AUDIENCES at York Theatre Royal have fallen by ten per cent in the wake of evening parking charges.

But theatre boss Ludo Keston is hopeful major changes could be made to the charges by November to ease the problems they are causing.

The chief executive joined other members of PLAY, the organisation representing performing and live arts organisations in York, at a private meeting about parking with council leader Steve Galloway earlier this week.

PLAY, whose members include the Grand Opera House, City Screen and Fibbers, told Coun Galloway that their organisations generated a spend of £11.4 million in the York economy, as well as generating hundreds of jobs.

PLAY said in a statement that Coun Galloway had listened "very carefully" to its concerns over the potential impact on the economy if current charges remained unchanged.

Mr Keston said the Theatre Royal's total audience in the ten weeks from the beginning of May was just under 21,500, compared to just over 23,500 in the same period next year.

He said performances were broadly similar in the two periods, and he did not believe other factors such as Euro 2004 or the weather could solely account for the drop - particularly as a significant number of letters had been received from customers expressing concern at the charges.

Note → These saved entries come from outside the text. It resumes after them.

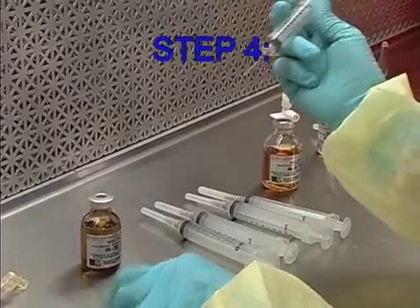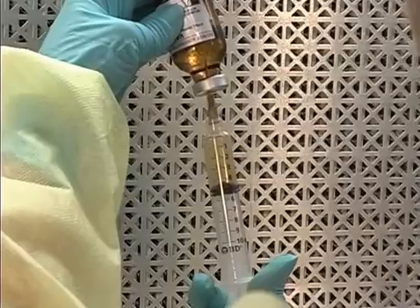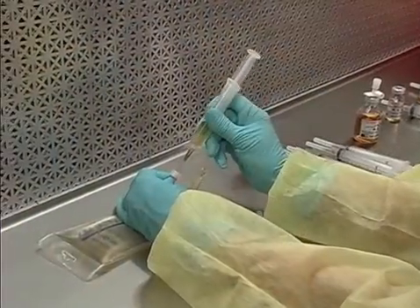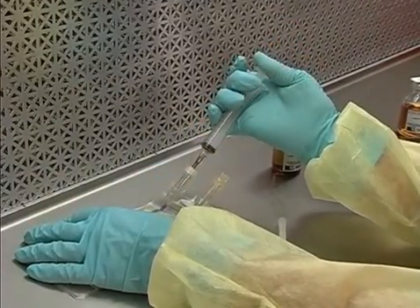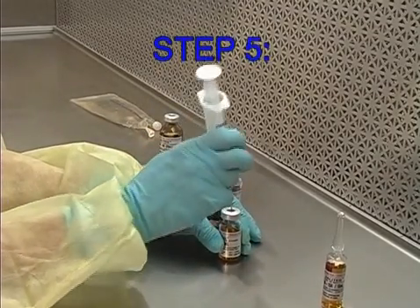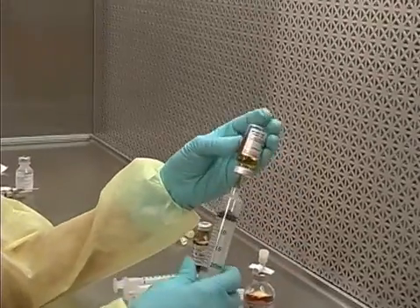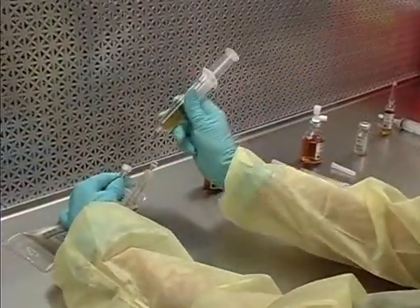Step 4: Using a 10-ml syringe, withdraw 5 ml of VM-20R from the reconstituted vial and transfer into the final container. Step 5: Using a 20-ml syringe, withdraw 10 ml of VM-10 and transfer into the final container.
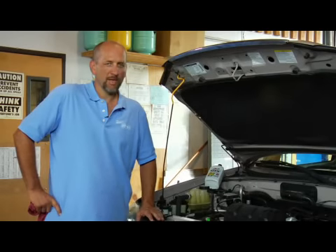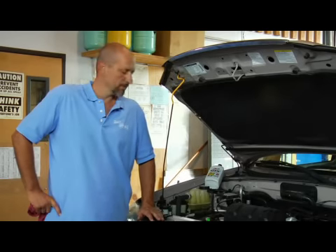I'm Dave Irv from Dave's Ultimate Automotive. We're going to be talking about checking and adding oil to your vehicle.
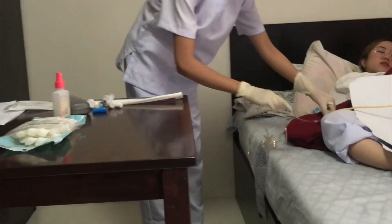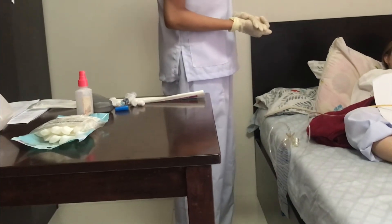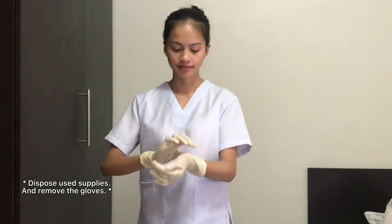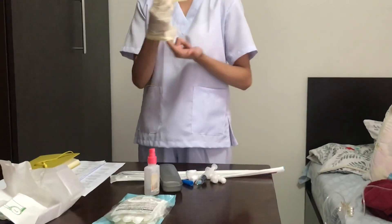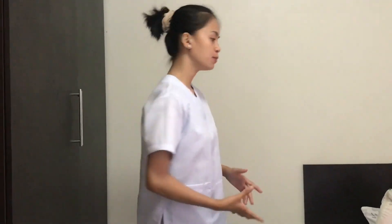Ensure the tubing is not kinked and secure the drainage bag to the bed frame below bladder level. After the procedure, dispose of all used supplies and then remove the gloves. Assist the patient into a comfortable position.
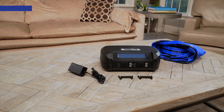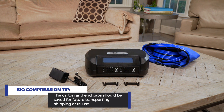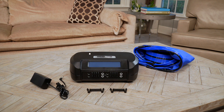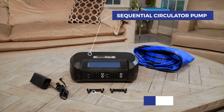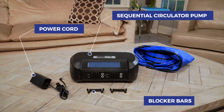First, unpack your biocompression pump and take out all of the components. The carton and end caps should be saved for future transporting, shipping, or reuse. Make sure you have the following items in the box: a sequential circulator pump, blocker bars for use during single garment therapy, a power cord, and an instruction guide.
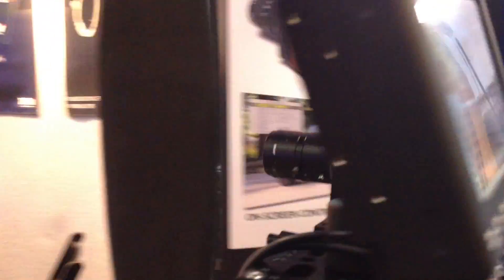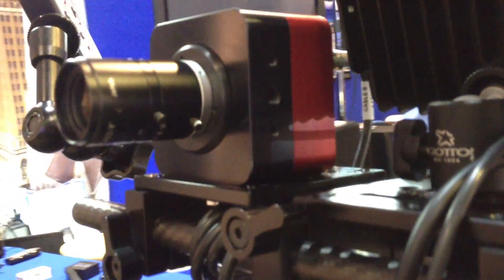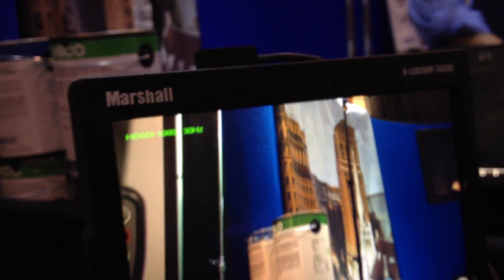What are we talking about for price point and external recorders? The list price on the camera is $4,500. And then we have a few extras — different types of cabling, handheld remote, battery options — that sort of thing that you can add on depending on how you want to use it.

If the downturn were to continue over the rest of the year, it would be "very worrying" for what was a not-for-profit charity, which worked under guidelines demanding that it balanced income and expenditure.

A range of options would have to be considered, which might include raising ticket prices or cutting back on services, which the theatre had been working very hard to increase in recent years.

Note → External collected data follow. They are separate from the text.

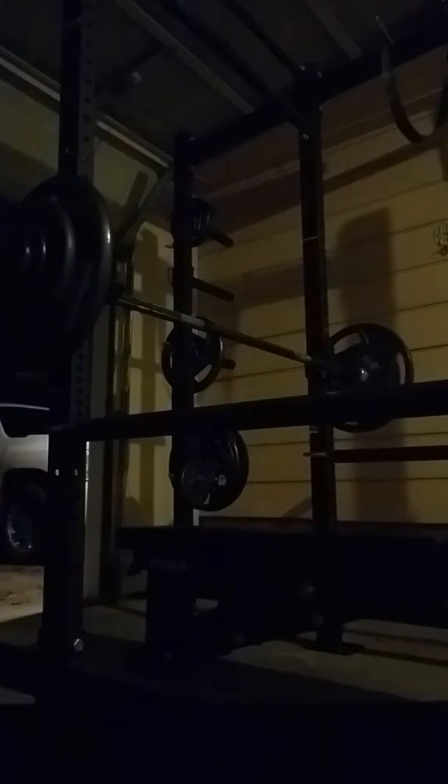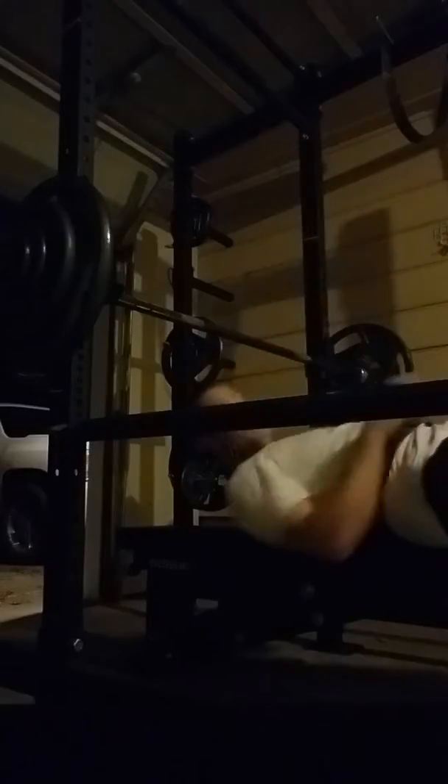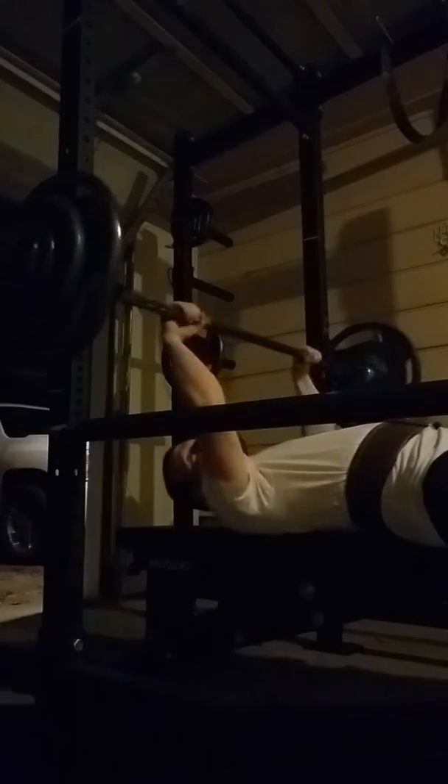I decided to try to do five sets of five on a bench with 200 pounds. I hadn't done that before, so I won't tap out. After the first set, I'm wondering if it's too much weight. So I figured I'd take this video to show how I handle heavy weight.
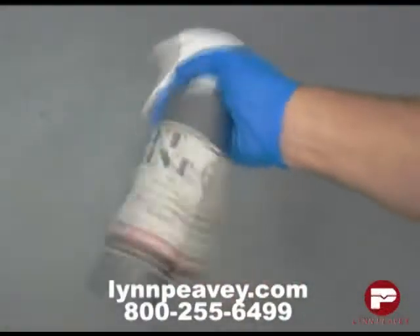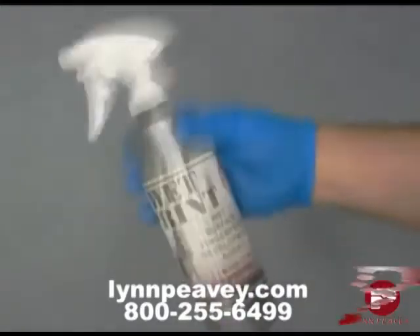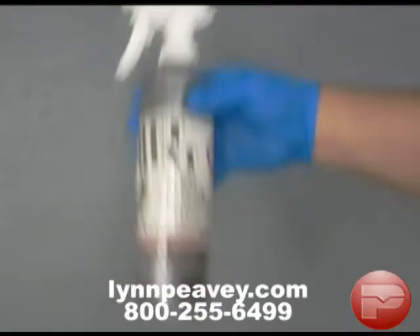With the spray nozzle in the off position, shake the Wet Print reagent vigorously before and during the application, because the small particles contained in the solution settle quickly to the bottom.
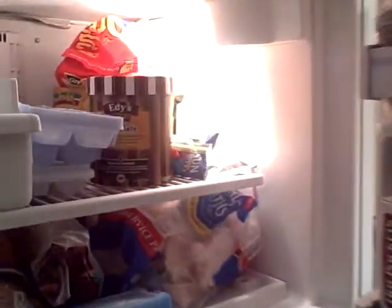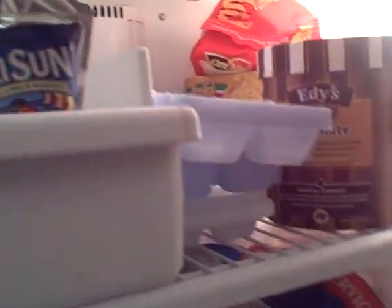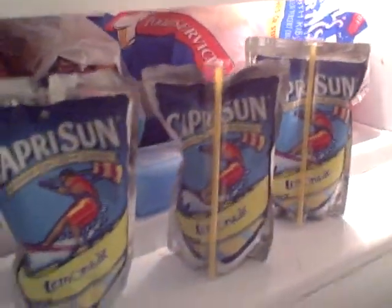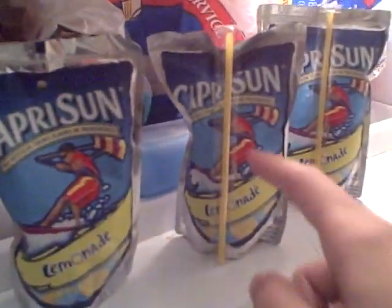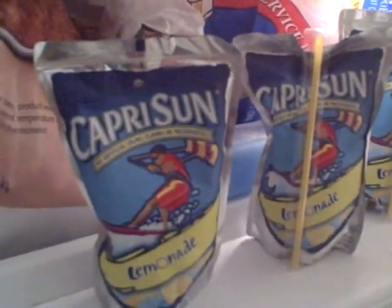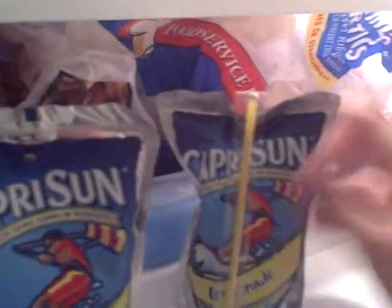What we're going to do here is — I've noticed that these Capri Suns were all put in at the same time. This one, this one, and this one, which I've isolated after figuring out something. These are hard. This one is still a complete liquid. That's because it's been supercooled. So we're going to open it up and pour it in a cup and watch it freeze instantly.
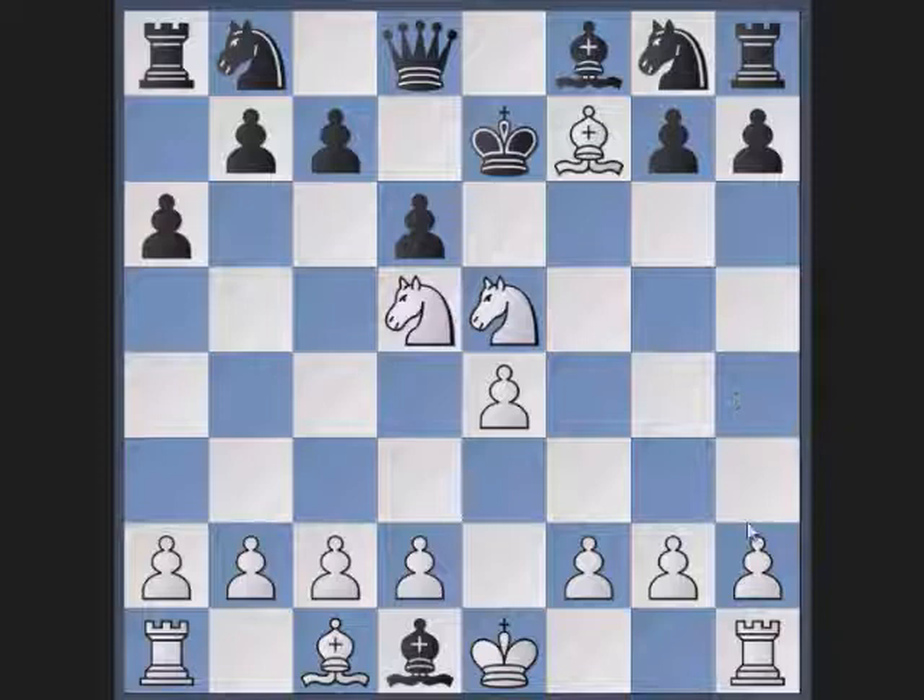This mate is called the Cadet mate because it was performed by people playing pieces at an opera play in 1876. The play was called the Cadet, and that is how it has gotten its name. Thank you for watching, have fun and enjoy your games.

Coun Galloway said today that the council was consulting with various organisations which had approached the authority. He agreed the meeting with PLAY had been constructive. "One or two ideas have been taken away to be looked at," he said.

He would not go into detail at this stage, but said he expected to be able to do so in the final of a series of four articles about charges he is writing for the Evening Press.

PLAY's concerns appear to be borne out by a number of emails received by the Evening Press.

For example, Robin and Pamela Marlow, of Alne, said they no longer considered the city centre in their plans for an evening out, going for example to VUE instead of City Screen.

Lucy and Michael Mulkay, of Millington, said they were senior citizens who could no longer afford to go to see concerts or plays. "We feel this is so wrong as it is killing the theatre and cinema."